For the NHS to interfere with Richard’s freedom of religion and belief, it requires much more than merely suggesting that a legitimate aim exists to do so. Proportionality and necessity are also required. There were much more tailored means that the trust could have utilised to both engage with the patients they say were particularly vulnerable and allow Richard to enjoy his fundamental freedoms of belief and expression. For example, if the trust was concerned, it could have issued a public statement to achieve this balance, reiterating that Richard was speaking in a private capacity and that his opinions were not necessarily shared by the trust and more so, that his position in the trust was wholly separate from any decisions made in relation to patient care.

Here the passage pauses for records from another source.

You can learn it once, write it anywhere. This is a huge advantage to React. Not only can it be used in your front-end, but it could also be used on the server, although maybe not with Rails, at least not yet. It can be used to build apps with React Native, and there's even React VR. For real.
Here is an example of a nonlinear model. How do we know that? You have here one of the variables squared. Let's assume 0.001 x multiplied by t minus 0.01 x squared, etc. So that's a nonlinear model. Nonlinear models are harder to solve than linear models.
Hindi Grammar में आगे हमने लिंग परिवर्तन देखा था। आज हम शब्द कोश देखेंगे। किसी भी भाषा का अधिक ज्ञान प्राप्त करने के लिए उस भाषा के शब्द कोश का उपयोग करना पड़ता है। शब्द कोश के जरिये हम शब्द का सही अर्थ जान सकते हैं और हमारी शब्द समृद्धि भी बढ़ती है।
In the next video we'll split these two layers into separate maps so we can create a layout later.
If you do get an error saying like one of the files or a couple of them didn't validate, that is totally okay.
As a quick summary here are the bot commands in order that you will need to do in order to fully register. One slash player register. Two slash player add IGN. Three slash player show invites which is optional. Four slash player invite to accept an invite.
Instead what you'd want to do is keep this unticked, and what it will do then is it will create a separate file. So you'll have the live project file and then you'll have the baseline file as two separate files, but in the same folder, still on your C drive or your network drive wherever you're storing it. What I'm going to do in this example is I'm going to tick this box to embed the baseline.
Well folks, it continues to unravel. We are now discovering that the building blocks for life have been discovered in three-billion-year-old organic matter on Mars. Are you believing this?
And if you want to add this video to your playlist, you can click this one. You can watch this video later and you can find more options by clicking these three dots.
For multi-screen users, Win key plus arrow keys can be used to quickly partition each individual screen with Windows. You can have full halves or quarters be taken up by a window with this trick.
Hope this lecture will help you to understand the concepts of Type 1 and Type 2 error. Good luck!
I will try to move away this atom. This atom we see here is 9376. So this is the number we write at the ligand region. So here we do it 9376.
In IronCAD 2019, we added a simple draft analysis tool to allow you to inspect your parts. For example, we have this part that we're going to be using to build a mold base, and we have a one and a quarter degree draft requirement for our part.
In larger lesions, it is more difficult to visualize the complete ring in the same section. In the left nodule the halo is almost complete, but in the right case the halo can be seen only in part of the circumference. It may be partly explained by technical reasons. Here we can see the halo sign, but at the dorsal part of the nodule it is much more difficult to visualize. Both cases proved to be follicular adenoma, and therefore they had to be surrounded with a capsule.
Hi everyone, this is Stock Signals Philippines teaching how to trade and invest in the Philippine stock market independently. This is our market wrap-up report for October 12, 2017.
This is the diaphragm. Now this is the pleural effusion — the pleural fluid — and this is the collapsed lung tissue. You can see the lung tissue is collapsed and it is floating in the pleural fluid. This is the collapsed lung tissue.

Best interests of the child standard
What has also been missed in Richard’s case is that as a magistrate in the family division, he was doing exactly what he should have been doing. The law requires the family court, in an adoption matter, to serve the best interests of the child. Far from being just a Christian belief, Richard understood that the unique and complementary gifts brought to parenting by a mother and a father is also a fact supported by sociology, psychology and biology. This belief had nothing to do with same-sex couples, and everything to do with what is best for a child. While Richard would never judge anyone for who they are or for their personal circumstances – single parent, same-sex parent, or otherwise – he would nevertheless always endeavour to fulfil his judicial oath by doing what he believed was in the best interests of the child being adopted.
As I have said in the past and will repeat here, we should be grateful for Christians like Richard Page who bravely and dutifully stands in the firing lines so that hopefully you will never have to.